Mes yeux se ferment, puis s'ouvrent à nouveau. Sans pause. Sans pause. Sans pause. Et trois jours passent sans que je relève dans lequel je me trouve. Je tire sur ma fine couverture pour conserver l'air chaud qui s'en échappe. Je veux rester ici. Si je ne peux pas apprécier le réconfort d'une longue nuit de sommeil, je veux à minima profiter de l'état de transition entre le repos nocturne et le réveil matinal que je devine être l'état de tout le monde après s'être réveillé.

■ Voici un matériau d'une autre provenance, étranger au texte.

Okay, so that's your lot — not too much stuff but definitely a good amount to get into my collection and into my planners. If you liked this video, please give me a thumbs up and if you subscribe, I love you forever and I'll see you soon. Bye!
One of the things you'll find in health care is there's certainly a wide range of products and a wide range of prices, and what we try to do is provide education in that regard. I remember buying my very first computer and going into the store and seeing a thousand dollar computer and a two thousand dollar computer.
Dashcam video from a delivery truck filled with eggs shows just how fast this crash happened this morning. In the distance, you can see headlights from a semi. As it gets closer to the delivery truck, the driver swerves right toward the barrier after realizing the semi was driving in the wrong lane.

Je ne suis jamais reposée. Enfin, jamais totalement. Ma tête n'est pas un instant à froid. La nuit est un temps que je ne connais pas. Seuls mes yeux et mes oreilles le comprennent, par le changement de luminosité, l'absence de présence, par l'installation du silence dans le château. Les vibrations des pas des servantes se stoppent pour quelques heures. Je n'ai pu rencontrer ce silence que par mes nuits blanches, les soirs où je suis incapable de faire le vide et que mes pensées font le bruit d'une armée entière réunie dans ma boite crânienne.

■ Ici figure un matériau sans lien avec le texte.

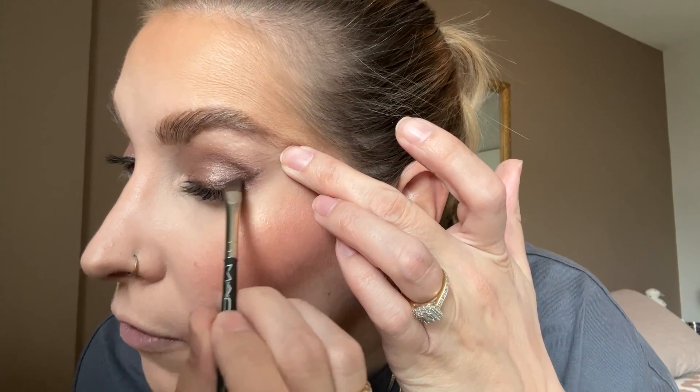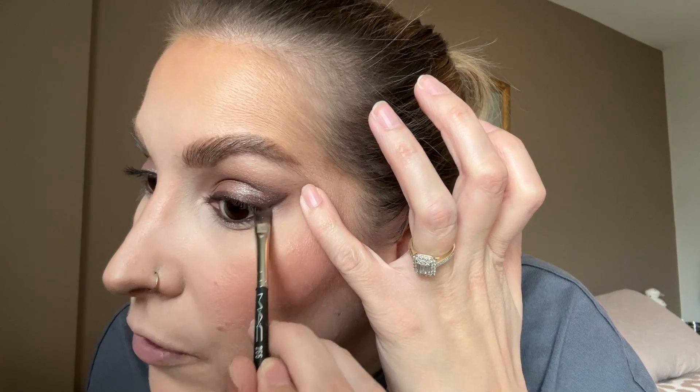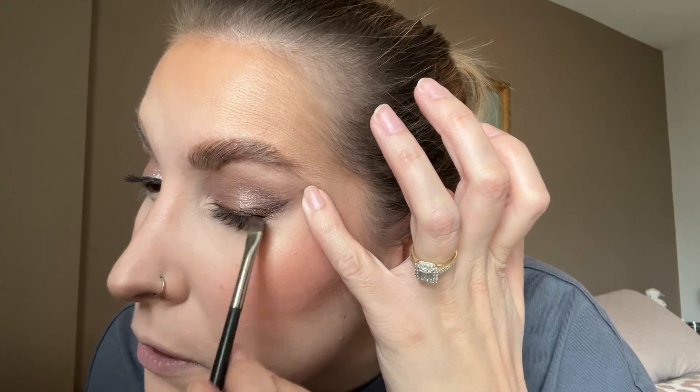If you have the Natasha Denona Glam Palette, you don't really need this — but there is a difference. You'll get a very similar look but they're not the exact same colors. I also saw Nisha — I think her channel is Sugar Puff and Fluff — do a beautiful look using this quint using the old version. It just looked so pretty. I'll link her channel as well.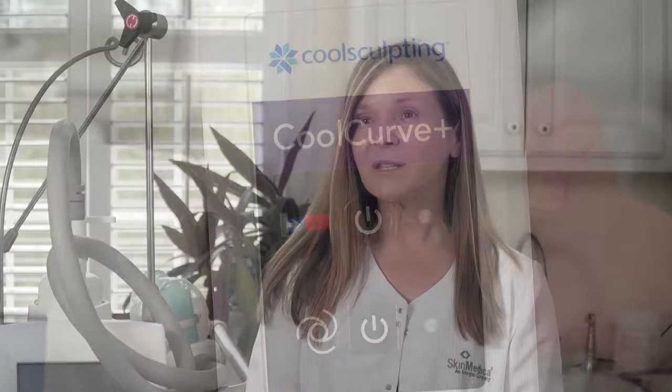CoolSculpting is a safe, non-invasive procedure that helps rid the body of unwanted fat that's resistant to diet and exercise. It's been FDA cleared since 2009.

Si je ne l'avais pas découvert par ces deux sens, je n'aurais certainement jamais pu apprendre l'existence du calme. Le vrai calme qui, si silencieux, en devient soit une source de réconfort ou de danger. Cet état de tranquillité, de paix et d'absence d'agitation est un espace dans lequel règne la sérénité. Grâce à l'absence de tumulte, je me repose un temps. Pas de cri, pas de gardes, pas d'appel semainier. Rien. Quand le calme s'installe, il fait signe aux perturbations extérieures de lui laisser la vedette durant un temps. J'apprécie ce temps.
J'aime penser que ce temps de vide est le repos que je n'arrive pas à atteindre avec le sommeil. Mes nuits n'existent pas, je ne les ressens pas. Pas un seul instant. La nuit tombée, quand je vais me coucher, je ferme les yeux et quelques secondes après, le matin est déjà à ma porte et m'ordonne un jour par semaine que je dois m'entretenir avec la reine. Mes nuits, ou plutôt l'absence de nuits, créent un étrange paradoxe dans ma vie. Le sommeil semble se jouer de moi, se fondant dans une routine entre la fermeture de mes yeux le soir et l'aube qui me surprend. Le matin se lève sans que je puisse discerner le passage du crépuscule, comme si mon cerveau avait décidé de laisser mes nuits en suspens. Comme si je défiais le temps de m'en voler le plus possible.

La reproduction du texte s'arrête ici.